Detect and handle scanned documents:

```python
import fitz

doc = fitz.open("document.pdf")
text = doc[0].get_text()

if not text.strip():
    # Use OCR for scanned document
    from pdf2image import convert_from_path
    import pytesseract

    images = convert_from_path("document.pdf")
    text = pytesseract.image_to_string(images[0])
```

For comprehensive best practices, common pitfalls, and troubleshooting, see:
- [Best Practices and Common Pitfalls](./references/best-practices.md)

## Common Pitfalls

**Scanned Documents**: Text extraction returns empty for scanned PDFs. Use OCR (pytesseract).

**Table Detection**: Tables not detected correctly. Adjust table_settings strategies.

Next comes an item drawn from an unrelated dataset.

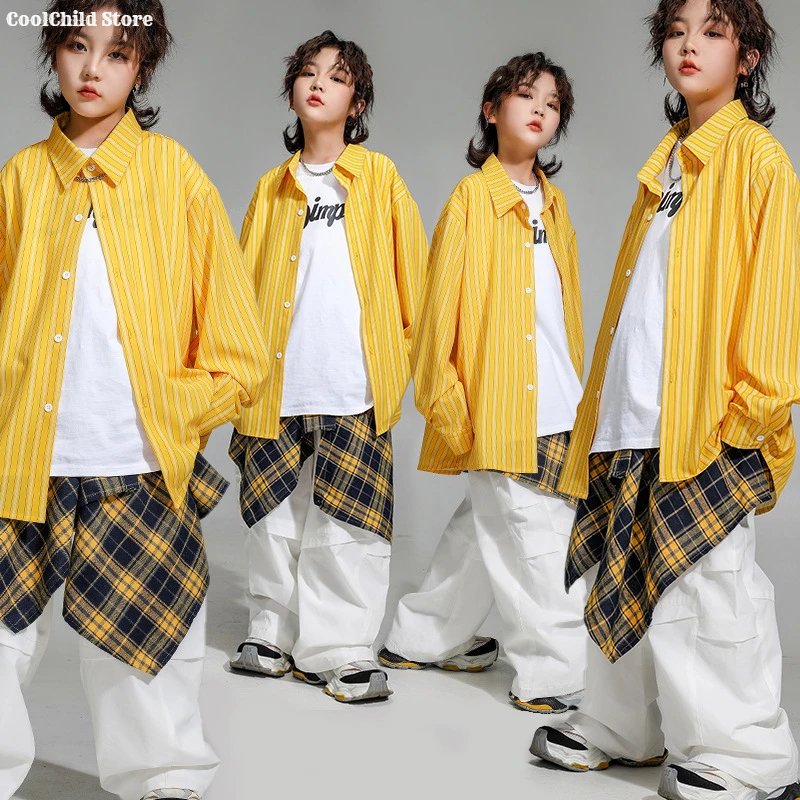 Jungen Hip Hop Lose Gestreiftes Hemd Cargo Hosen Mädchen Street Dance Bluse Kinder K-pop Kostüme Kleidung Sets Kinder Jazz streetwear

**Encrypted PDFs**: Operations fail. Check and decrypt with password first.

**Form Fields**: Can't find field names. Use debug helper to list all fields.

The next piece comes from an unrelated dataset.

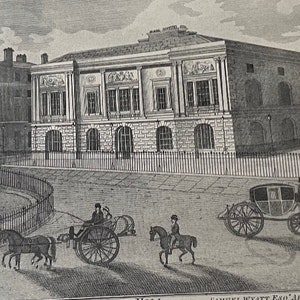 May include: A vintage black and white architectural print depicting a building with a classical design, horse-drawn carriages, and people. The image includes the text "SAMUEL WYATT Esq. Architect."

**Memory Issues**: Large PDFs cause crashes. Process in chunks with garbage collection.

**Encoding Issues**: Special characters corrupted. Handle with UTF-8 encoding explicitly.

For detailed solutions and debugging strategies, see:
- [Best Practices and Common Pitfalls](./references/best-practices.md)

## Quick Reference

**Text Extraction**:
- Simple: `pypdf` - `page.extract_text()`
- Advanced: `pdfplumber` - `page.extract_text()` + `page.extract_words()`

**Table Extraction**:
- Always use: `pdfplumber` - `page.extract_tables()`

**PDF Creation**:
- Use: `reportlab` - `canvas.Canvas()` or `SimpleDocTemplate()`

**Advanced Operations**:
- Use: `PyMuPDF (fitz)` - forms, annotations, compression

**OCR**:
- Use: `pytesseract` + `pdf2image`

**Merging/Splitting**:
- Use: `pypdf` - `PdfMerger()` and `PdfWriter()`

## Helper Scripts

The skill includes helper scripts for common operations:

```bash
# See scripts directory for utilities
python scripts/pdf_helper.py --help
```

## Additional Resources

**Comprehensive References**:
- [Library Installation](./references/library-installation.md) - Setup and dependencies
- [Text Extraction](./references/text-extraction.md) - All extraction methods
- [Table Extraction](./references/table-extraction.md) - Table detection strategies
- [PDF Operations](./references/pdf-operations.md) - Forms, merge, split, pages
- [PDF Creation](./references/pdf-creation.md) - Creating PDFs from scratch
- [Metadata, Security, OCR](./references/metadata-security-ocr.md) - Advanced operations
- [Best Practices](./references/best-practices.md) - Pitfalls and solutions

**Practical Examples**:
- [Invoice Generator](./examples/invoice-generator.md) - Professional invoice templates
- [Report Automation](./examples/report-automation.md) - Automated report generation

## Implementation Guidelines

When working with PDFs:

1. **Choose the right library** for your task (see Quick Reference)
2. **Handle errors** with try-except blocks
3. **Check for encryption** before processing
4. **Use OCR fallback** for scanned documents
5. **Process large files in chunks** to manage memory
6. **Validate input files** before operations
7. **Close documents** to free resources: `doc.close()`

For production use, always implement proper error handling, validate inputs, and test with various PDF types and versions.